Transcribe the full listing exactly, and drop every picture.
:: Dataset section
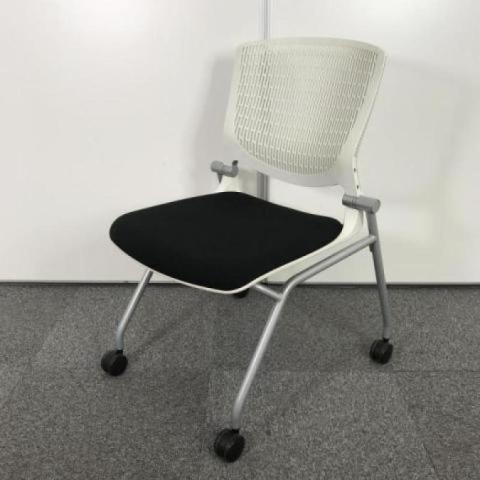 25/⑥【オカムラのミーティング/ネスティングチェア。グラータ】メーカー品　オカムラ　Okamura　グラータ　　格安　高品質　＊福岡市拠点の「オフィスバスターズ福岡南店」は、福岡はもちろん、岡山・広島エリアにも対応しています。中古オフィス家具・チェア・デスク・複合機など一式手配可能。各地に特化した在庫とワンストップ対応で、起業・移転・レイアウト変更にしっかり対応し、岡山・広島でも安心の選択肢をご提供します。＊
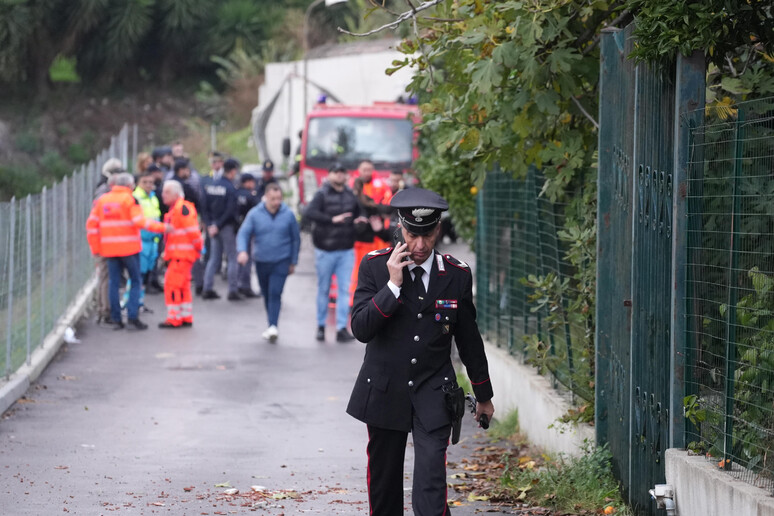 - RIPRODUZIONE RISERVATA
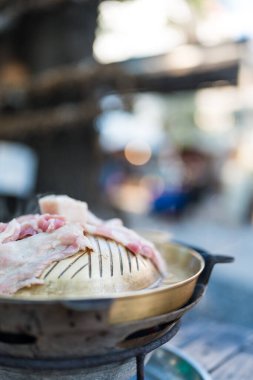 Sıcak tavada pişen taze domuz dilimli Tayland barbeküsü. Otantik Asya sokak yemekleri tarzı.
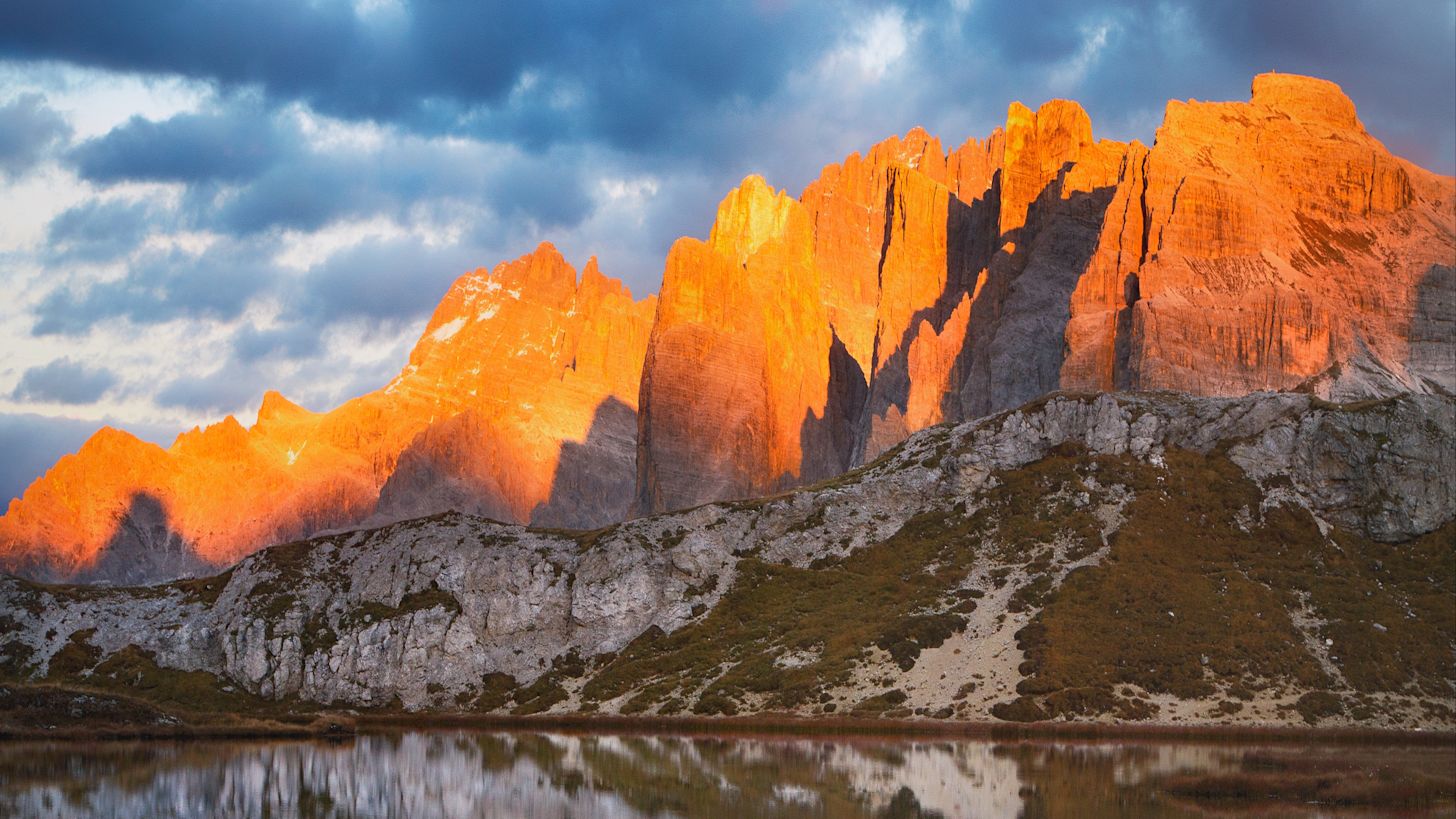 Alpengloeien in de Dolomieten. Foto: Adobe Stock / Alpengloeien in de Dolomieten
::::
> Reply:
 25/⑥【オカムラのミーティング/ネスティングチェア。グラータ】メーカー品　オカムラ　Okamura　グラータ　　格安　高品質　＊福岡市拠点の「オフィスバスターズ福岡南店」は、福岡はもちろん、岡山・広島エリアにも対応しています。中古オフィス家具・チェア・デスク・複合機など一式手配可能。各地に特化した在庫とワンストップ対応で、起業・移転・レイアウト変更にしっかり対応し、岡山・広島でも安心の選択肢をご提供します。＊
 - RIPRODUZIONE RISERVATA
 Sıcak tavada pişen taze domuz dilimli Tayland barbeküsü. Otantik Asya sokak yemekleri tarzı.
 Alpengloeien in de Dolomieten. Foto: Adobe Stock / Alpengloeien in de Dolomieten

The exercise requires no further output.